Now, the University of New Mexico Office of the Provost has announced plans to continue the highly successful ADVANCE at UNM program. ADVANCE at UNM has been transformative over the course of its existence. Because of the positive impact of the program, Provost and Executive Vice President for Academic Affairs James Holloway has agreed to continue the work of this program to support faculty success.
“Over the past several years, women faculty and faculty from underrepresented backgrounds in STEM at UNM have come to rely on the support from the ADVANCE team,” said Rodriguez. “Provost Holloway and I are delighted to support ADVANCE at UNM, and we believe doing so reinforces the University’s commitment to the vision, mission, and goals in outlined in UNM 2040 – Opportunity Defined.”
The ADVANCE team, led by Director Julia Fulghum, including co-PIs, staff, students, and social science research team, have come together with colleagues from across campus to broadly support faculty, with an emphasis on women STEM faculty. The leadership team focused its work on creating a more inclusive and supportive institutional climate, increasing the participation of women and minority STEM faculty in leadership positions, improving satisfaction with, and perceptions of, the tenure and promotion process among women and BIPOC STEM faculty, increasing the number of women and BIPOC faculty at all levels in STEM departments, and increasing the national and international recognition of scholarship by all women and BIPOC STEM faculty at UNM.

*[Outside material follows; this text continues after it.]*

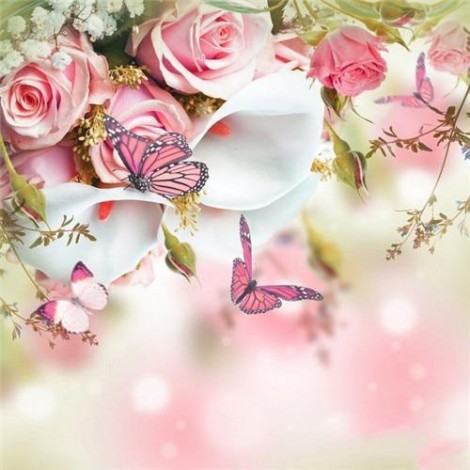 Série Rose Fleurs Et Papillons D'Art Moderne De Rêve 2019 - 5D Kit Broderie Diamants/Diamond Painting VM7902
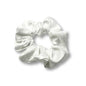 Mini White Leaf Satin Scrunchie Enchanted Scrunch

“We’re all thrilled that the provost and his team recognize the importance of our work and are providing the support that allows us to continue to help faculty across campus,” said Fulghum, who was reappointed ADVANCE director for five years. “Although we focus on obstacles faced by women STEM faculty in their career progression, at this point most members of the university community need extra support (faculty, staff, and students). The continuation of ADVANCE means we can support and advocate for diverse faculty in all fields and continue the survey and interview work necessary to make compelling suggestions to the academic leadership.”
The NSF ADVANCE Institutional Transformation program was designed to make universities more equitable and inclusive for women STEM faculty, including faculty in the Social Sciences. At UNM one of its most important roles has been to provide confidential advice on policies and processes and career development in individual meetings with faculty, chairs, deans, and other academic leaders.
“ADVANCE at UNM has offered a wide range of workshops, most of which have been open to all faculty,” said Fulghum. “We provide on-going workshops on every aspect of the promotion and tenure process, professional development support, including sessions focused on associate professors, and through a terrific collaboration with the Faculty Research Development Office have on-going Research Success workshops.”
“The collaborative foundation that we have built allowed ADVANCE to effectively advocate for faculty during the (still on-going) pandemic. For example, we issued several reports on the impact of the pandemic on faculty lives and have contributed to the institutional response to the pandemic.”
Over the past five years, ADVANCE has participated in 100’s of meetings each year, included more than 700 posts to its website, published 166 videos and supported more than 50 women through its annual Women in STEM awards. Additionally, ADVANCE’s communications team has highlighted the work of faculty, kept the content-rich website current, and maintained its YouTube channel. The multimedia communication undergraduate internship program in 2020 was cited by the National Science Foundation as a national model for employing students and highlighting the work of women and minority STEM faculty.
“ADVANCE at UNM will continue to provide confidential advice, workshops, and to advocate for policy and process changes in support of all faculty while highlighting issues of particular importance to women STEM faculty,” said Fulghum. “New initiatives will include expanding our collaboration with the OVPR, particularly the Faculty Research Development Office and the WeR1 Investing in Faculty Success initiatives.”